Without the images, repeat every line of the listing verbatim.

SUPPLIED DATA ::
**********

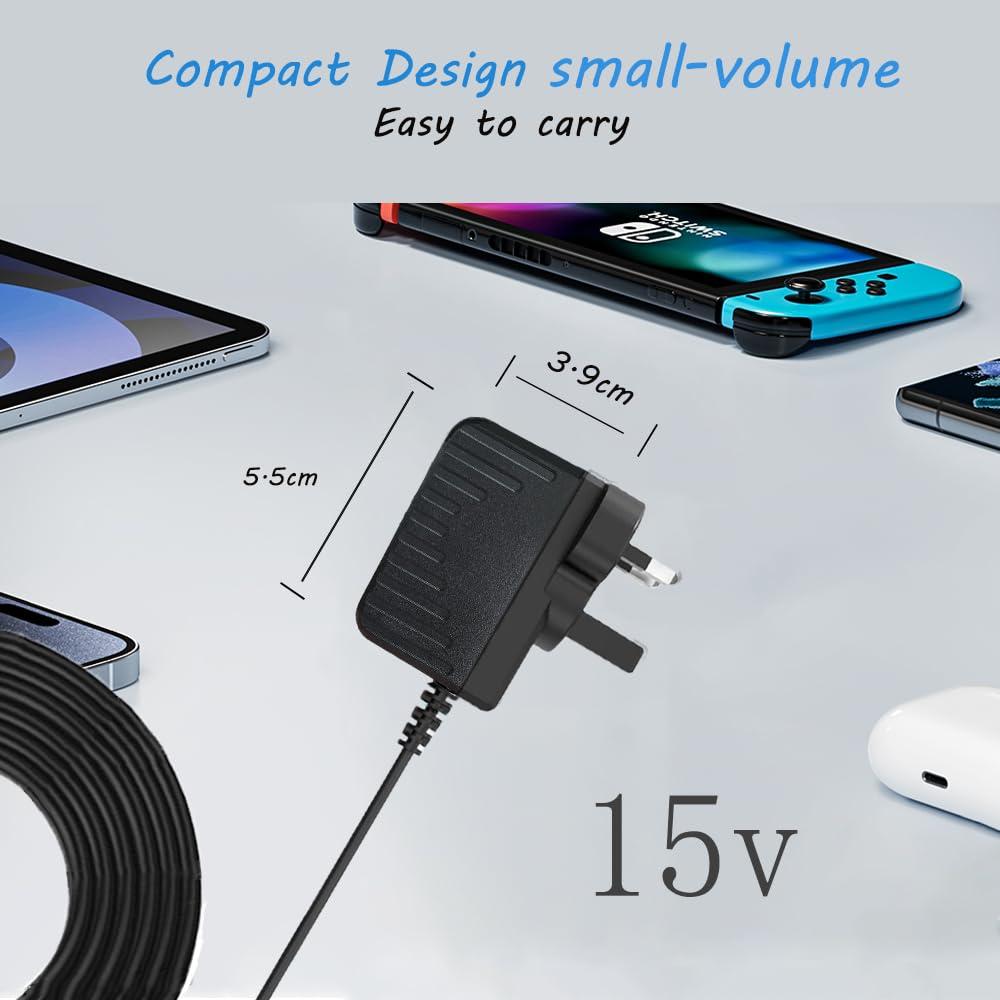 LIANSUM 15V Charger Fit for HQ8505 Philips Shaver Charger for 5000 7000 Series Razor Power Cord,Beard Trimmer BT5502,BT9810,S3333,S3233,S1332,MG7750,MG7790 Electric Razor Aquatouch Power Lead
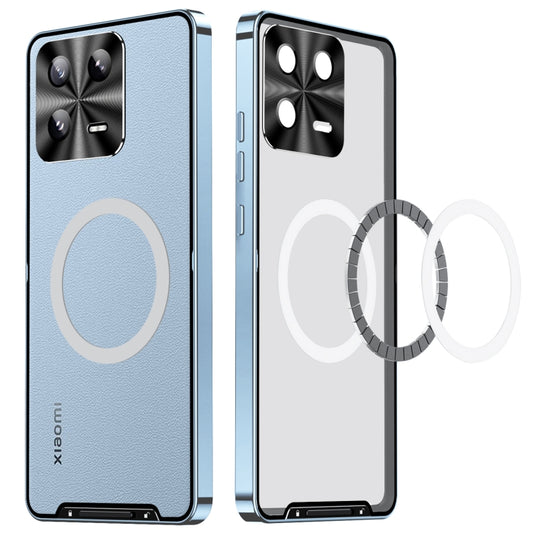 For Xiaomi 13 MagSafe Magnetic Frosted Metal Phone Case(Blue) by buy2fix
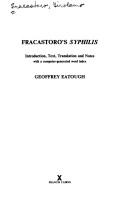 Cover of: Fracastoro's Syphilis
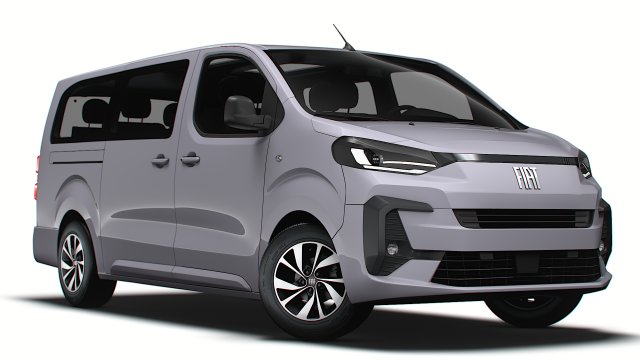 Fiat E Ulysse L3 2024 3D मॉडल .c4d .max .obj .3ds .fbx .stl .blend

**********

SOLUTION FOR THIS PROBLEM ::
 LIANSUM 15V Charger Fit for HQ8505 Philips Shaver Charger for 5000 7000 Series Razor Power Cord,Beard Trimmer BT5502,BT9810,S3333,S3233,S1332,MG7750,MG7790 Electric Razor Aquatouch Power Lead
 For Xiaomi 13 MagSafe Magnetic Frosted Metal Phone Case(Blue) by buy2fix
 Cover of: Fracastoro's Syphilis
 Fiat E Ulysse L3 2024 3D मॉडल .c4d .max .obj .3ds .fbx .stl .blend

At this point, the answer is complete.